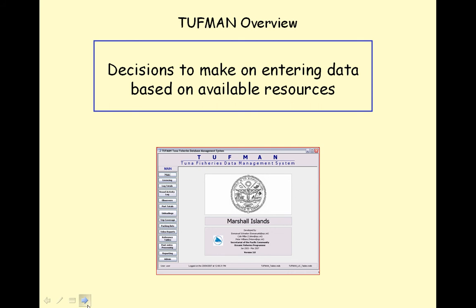This lesson will cover some of the decisions that you will need to make on entering data based on your available resources.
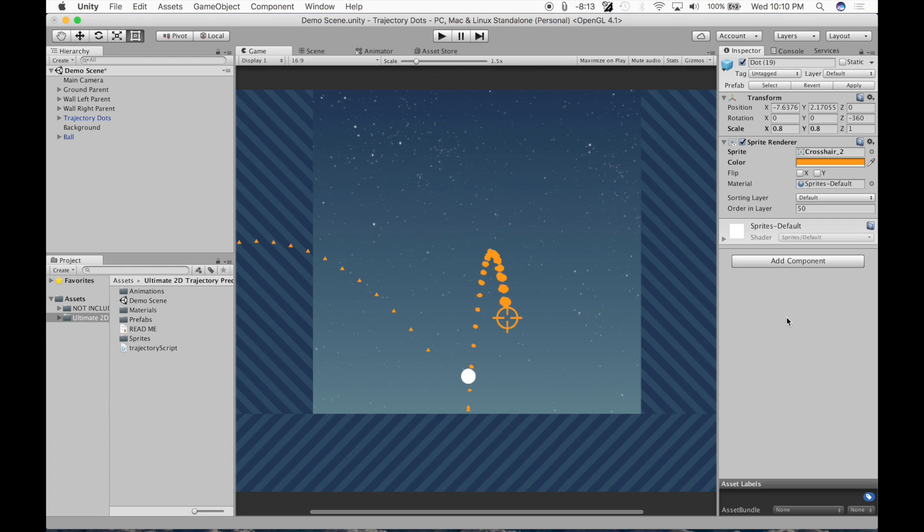Hello everybody, my name is Mace and this is the Ultimate 2D Trajectory Predictor Tutorial.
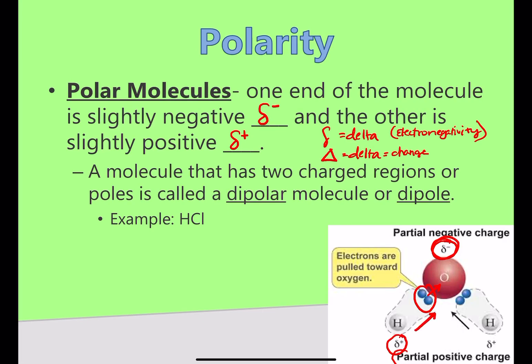These arrows that you'll sometimes see are used to show whether electrons are being shared equally. You always put the point in the direction where the electrons are pulled towards. Molecules like these that have two charged regions, or two charged ends, are referred to as a dipolar molecule. For example, HCl — chlorine is more electronegative than hydrogen, so chlorine pulls those electrons. Hydrogen ends up with a partial positive charge, and chlorine ends up with a partial negative charge. That's referred to as a dipole, or a dipolar molecule.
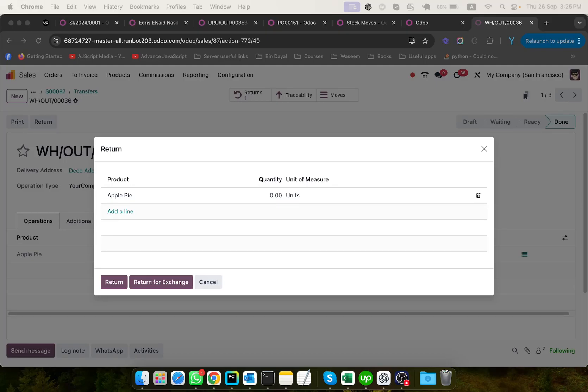Assalamualaikum friends, my name is Mahmoud Yunus and I am Odoo Technical Developer. In today's video we are going to talk about a new feature which is introduced in Odoo 18, which is Return for Exchange.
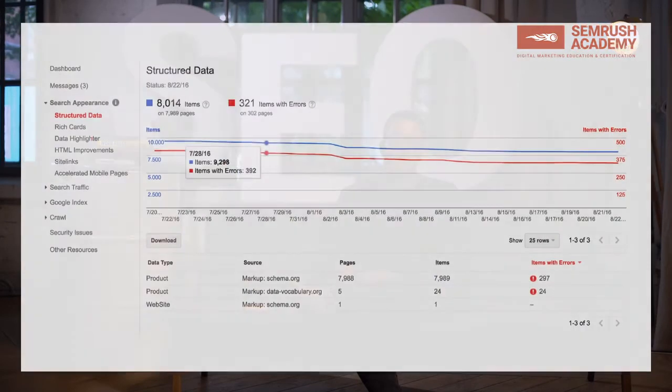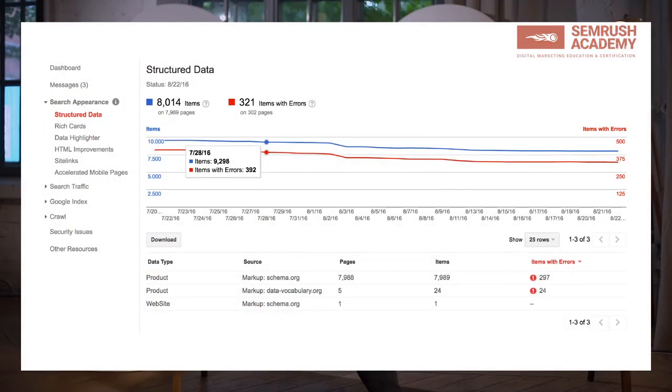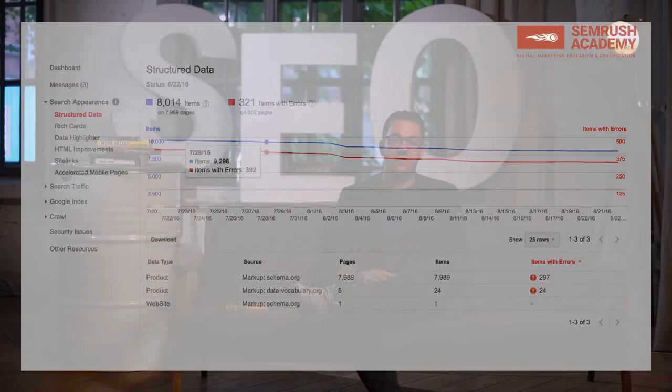In Google Search Console there's also the Structured Data tab, which is for continuous monitoring — you can track validation errors and how they develop over time. Keep a close eye on that to ensure that when you update your website, the markup hasn't been broken. Changes to HTML can often result in markup not validating anymore, which is not what you want.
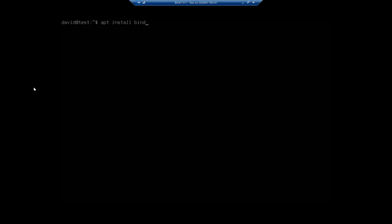Now you can configure this a couple of different ways. So you can configure it as a caching server only or as a server that's going to serve names for a specific domain. The idea of having a caching server only is that if you added one in your network and all of your devices are using that one as their primary name server, then it's going to speed up subsequent requests.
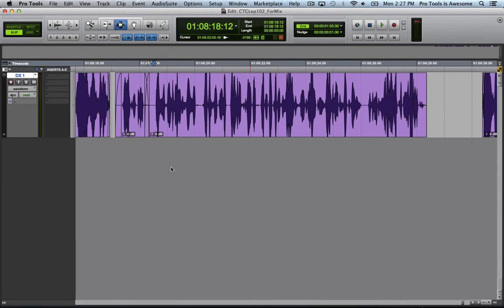There are some great third-party plugins for this, such as Speakerphone or McDSP FUTZBox, but you don't need to spend all that money to do a pretty darn good job creating a telephone FUTZ. We're going to do it with the tools built into Pro Tools 11.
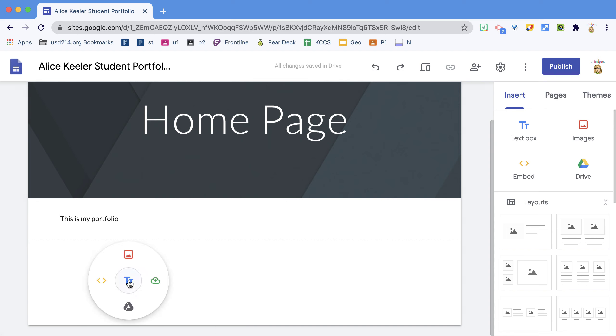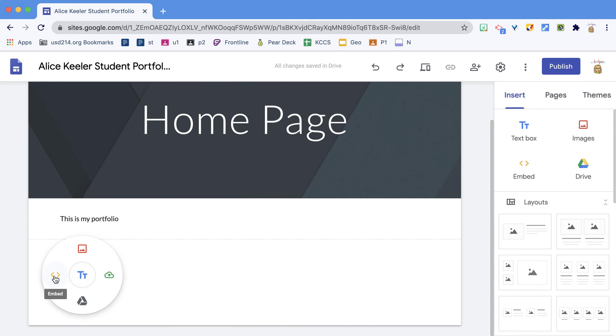You can also double click to embed websites, add images, or add from Google Drive.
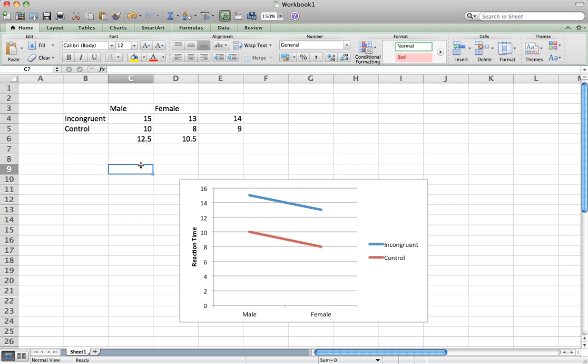I hope this has been an informative tutorial briefly describing how to plot your data and link the averages in your spreadsheet to the lines shown in the chart.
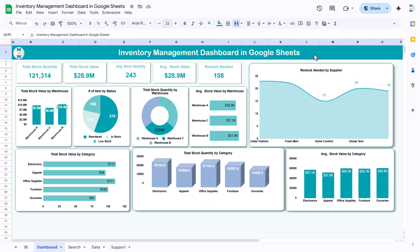Hello friends, welcome to the New Tech Navigators. My name is BK. In this video I will show you how we have created this inventory management dashboard in Google Sheets. This is a ready-to-use dashboard and you can just input your data and it will reflect all these stats here automatically.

■ ■ ■

### Problem statement
If a record contains a picture, leave the picture out and return everything else exactly.

### Task result
This lesson will cover some of the decisions that you will need to make on entering data based on your available resources.
Hello everybody, my name is Mace and this is the Ultimate 2D Trajectory Predictor Tutorial.
These arrows that you'll sometimes see are used to show whether electrons are being shared equally. You always put the point in the direction where the electrons are pulled towards. Molecules like these that have two charged regions, or two charged ends, are referred to as a dipolar molecule. For example, HCl — chlorine is more electronegative than hydrogen, so chlorine pulls those electrons. Hydrogen ends up with a partial positive charge, and chlorine ends up with a partial negative charge. That's referred to as a dipole, or a dipolar molecule.
Assalamualaikum friends, my name is Mahmoud Yunus and I am Odoo Technical Developer. In today's video we are going to talk about a new feature which is introduced in Odoo 18, which is Return for Exchange.
In Google Search Console there's also the Structured Data tab, which is for continuous monitoring — you can track validation errors and how they develop over time. Keep a close eye on that to ensure that when you update your website, the markup hasn't been broken. Changes to HTML can often result in markup not validating anymore, which is not what you want.
Now you can configure this a couple of different ways. So you can configure it as a caching server only or as a server that's going to serve names for a specific domain. The idea of having a caching server only is that if you added one in your network and all of your devices are using that one as their primary name server, then it's going to speed up subsequent requests.
There are some great third-party plugins for this, such as Speakerphone or McDSP FUTZBox, but you don't need to spend all that money to do a pretty darn good job creating a telephone FUTZ. We're going to do it with the tools built into Pro Tools 11.
You can also double click to embed websites, add images, or add from Google Drive.
I hope this has been an informative tutorial briefly describing how to plot your data and link the averages in your spreadsheet to the lines shown in the chart.
Hello friends, welcome to the New Tech Navigators. My name is BK. In this video I will show you how we have created this inventory management dashboard in Google Sheets. This is a ready-to-use dashboard and you can just input your data and it will reflect all these stats here automatically.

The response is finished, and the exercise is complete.